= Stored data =
------

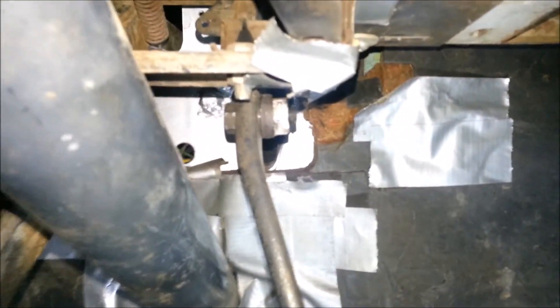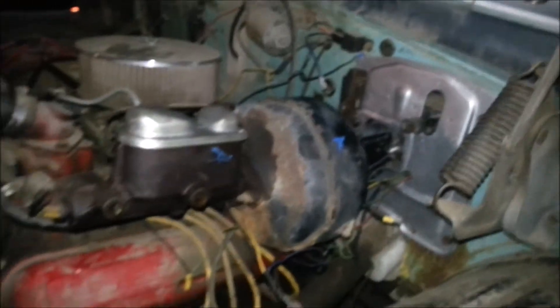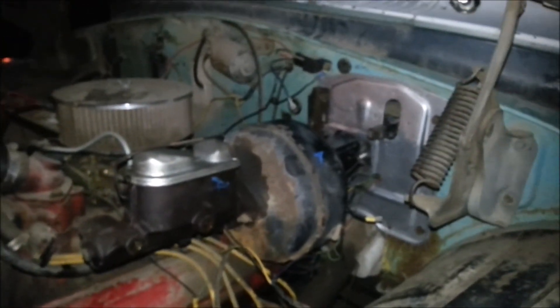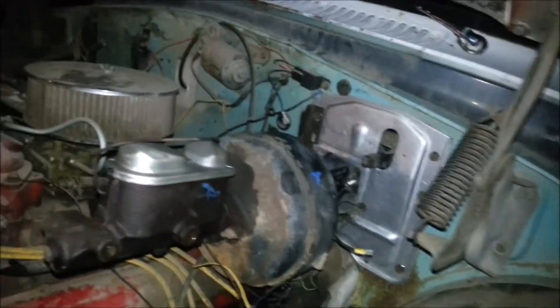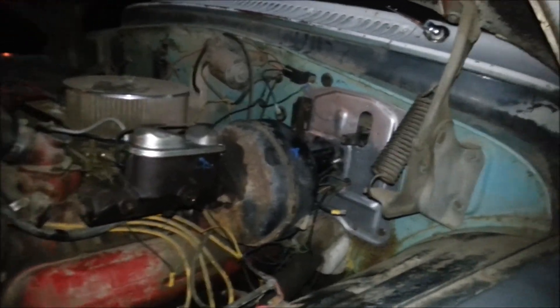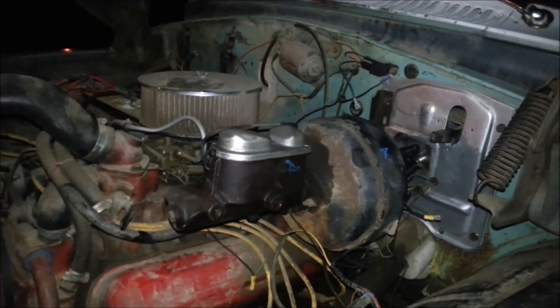It is installed. Everything seems to be lining up pretty good, and it's on the firewall. I haven't plumbed anything and haven't tested it to see if everything is working, but really the hard part is done — the fabrication for the adapter. Doesn't look too bad from here. So let's call it a night. You all have a good night.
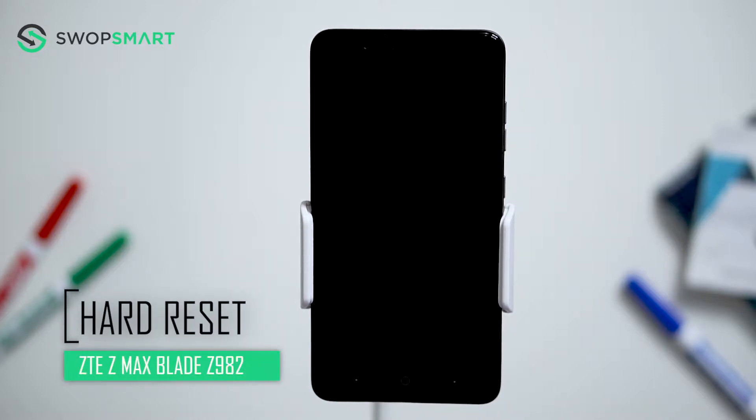Hello everyone! On today's episode of Get Smart with SwapSmart, we will be teaching you how to hard reset your ZTE ZMAX Blade Z982.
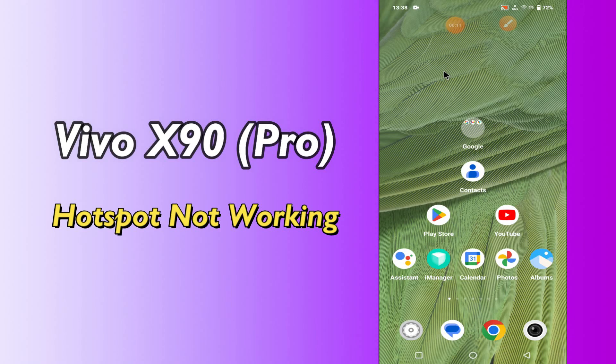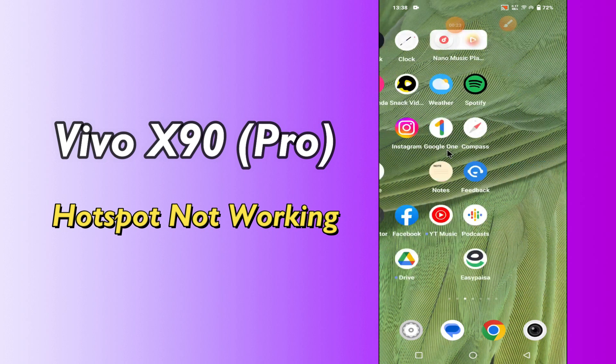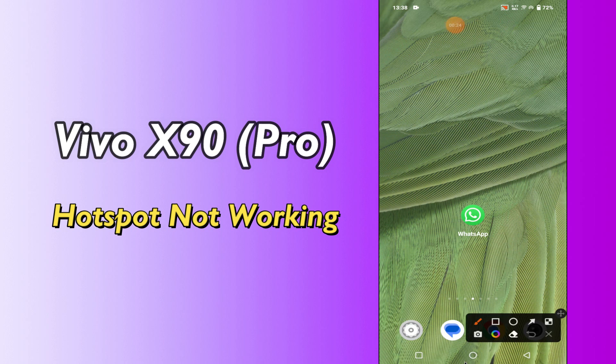Hey everyone, today in this video I'm gonna show you how you can fix the hotspot not working problem in your device, Vivo X90 and X90 Pro. In this video I'll tell you a few tips and tricks that you can use to fix it. Before I start, if you are new to my channel, don't forget to subscribe and press the bell icon. Watch the complete video and learn how you can do it.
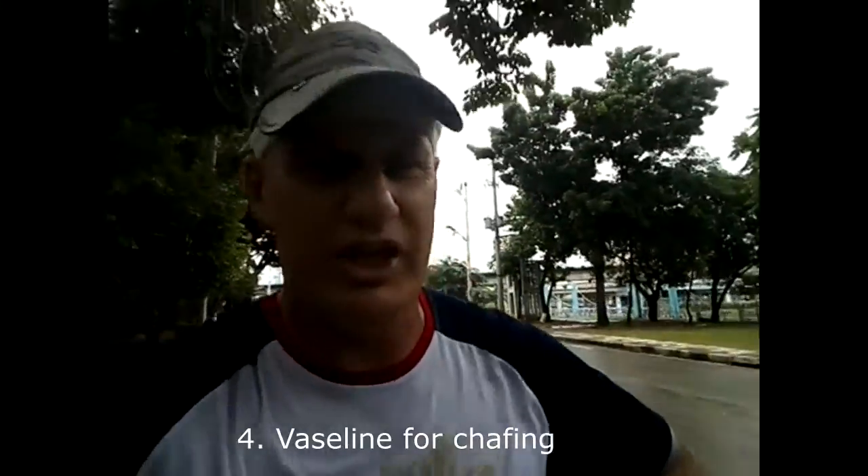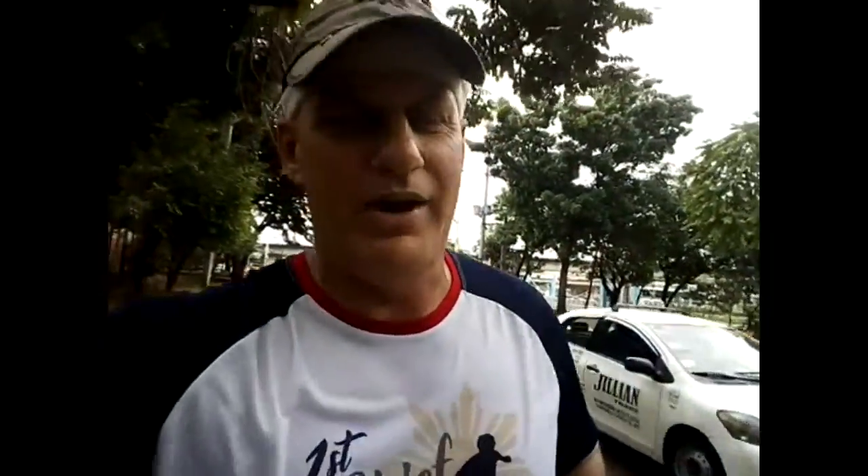Running in the rain often increases chafing or rash, so consider using some petroleum jelly — Vaseline — around your legs or sensitive areas that will be rubbing during your run.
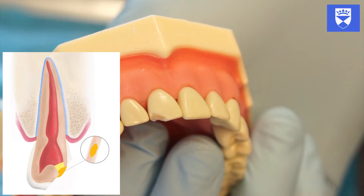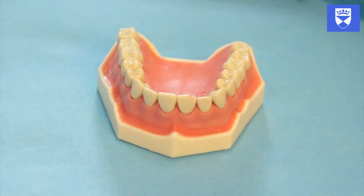In this video we can see that the previous pulpotomy undertaken has been covered with glass ionomer. It is now time to place a restoration that covers the exposed dentine and enamel.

------

= Requirement =
Write out every line above exactly, minus images.

= Response =
It is installed. Everything seems to be lining up pretty good, and it's on the firewall. I haven't plumbed anything and haven't tested it to see if everything is working, but really the hard part is done — the fabrication for the adapter. Doesn't look too bad from here. So let's call it a night. You all have a good night.
Hello everyone! On today's episode of Get Smart with SwapSmart, we will be teaching you how to hard reset your ZTE ZMAX Blade Z982.
Hey everyone, today in this video I'm gonna show you how you can fix the hotspot not working problem in your device, Vivo X90 and X90 Pro. In this video I'll tell you a few tips and tricks that you can use to fix it. Before I start, if you are new to my channel, don't forget to subscribe and press the bell icon. Watch the complete video and learn how you can do it.
Running in the rain often increases chafing or rash, so consider using some petroleum jelly — Vaseline — around your legs or sensitive areas that will be rubbing during your run.
In this video we can see that the previous pulpotomy undertaken has been covered with glass ionomer. It is now time to place a restoration that covers the exposed dentine and enamel.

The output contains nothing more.